▶ **What you have to do**
Output the lines from the one containing "Nightmare On Elm" through the last line of the material below, exactly; please do not include pictures.

▶ **Data**
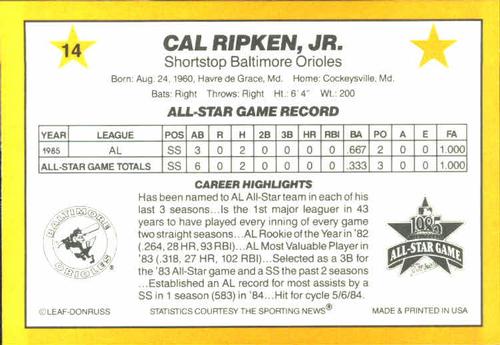 1986 Donruss All-Stars #14 Cal Ripken Jr. Back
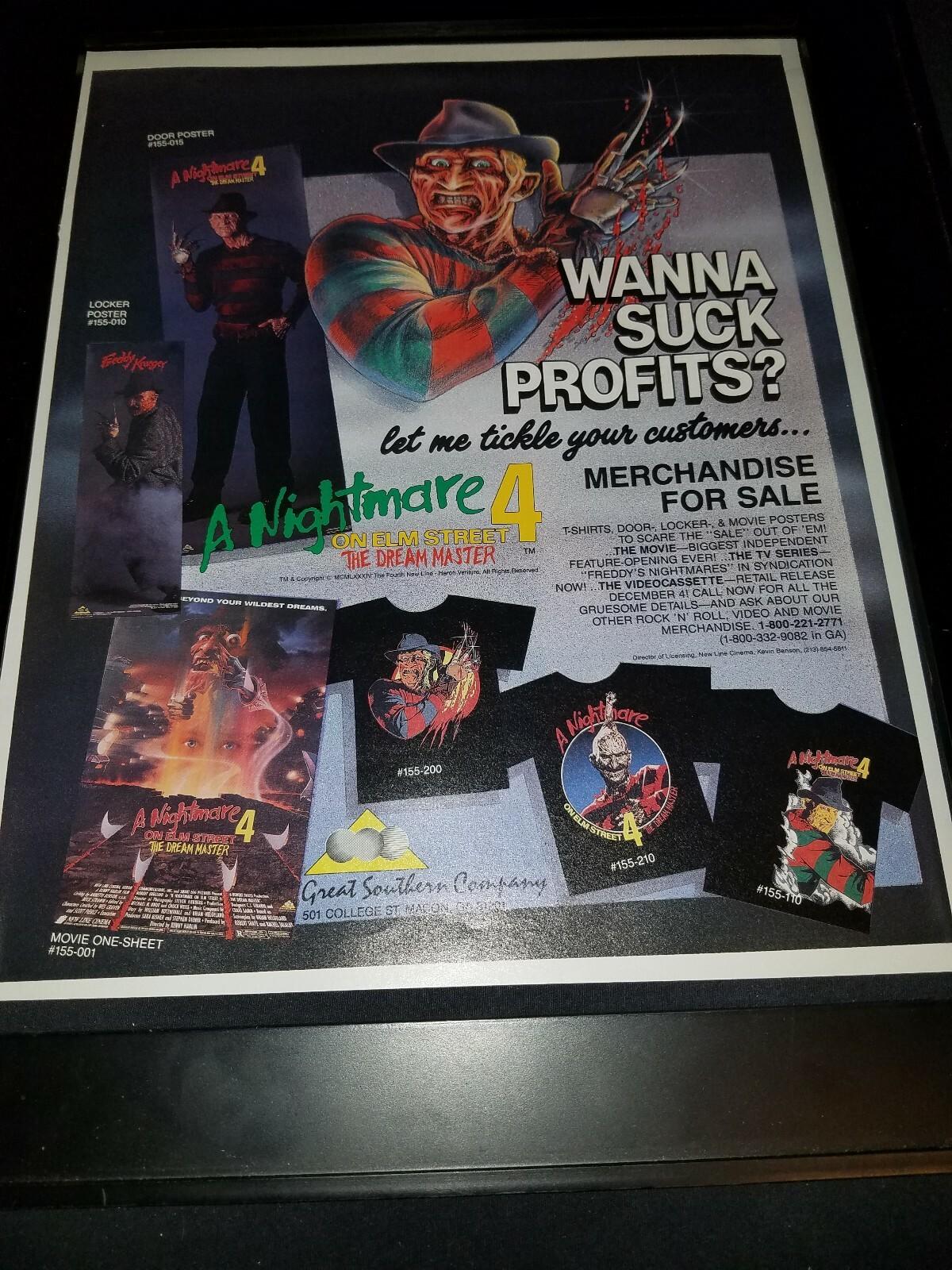 Nightmare On Elm Street 4 Rare Original Promo Poster Ad Framed!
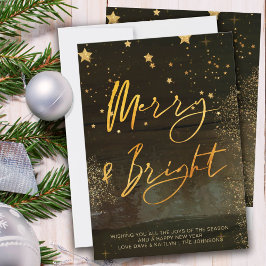 Tarjeta Festiva Starry Night Merry and Bright Gold Script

▶ **Response to this task**
 Nightmare On Elm Street 4 Rare Original Promo Poster Ad Framed!
 Tarjeta Festiva Starry Night Merry and Bright Gold Script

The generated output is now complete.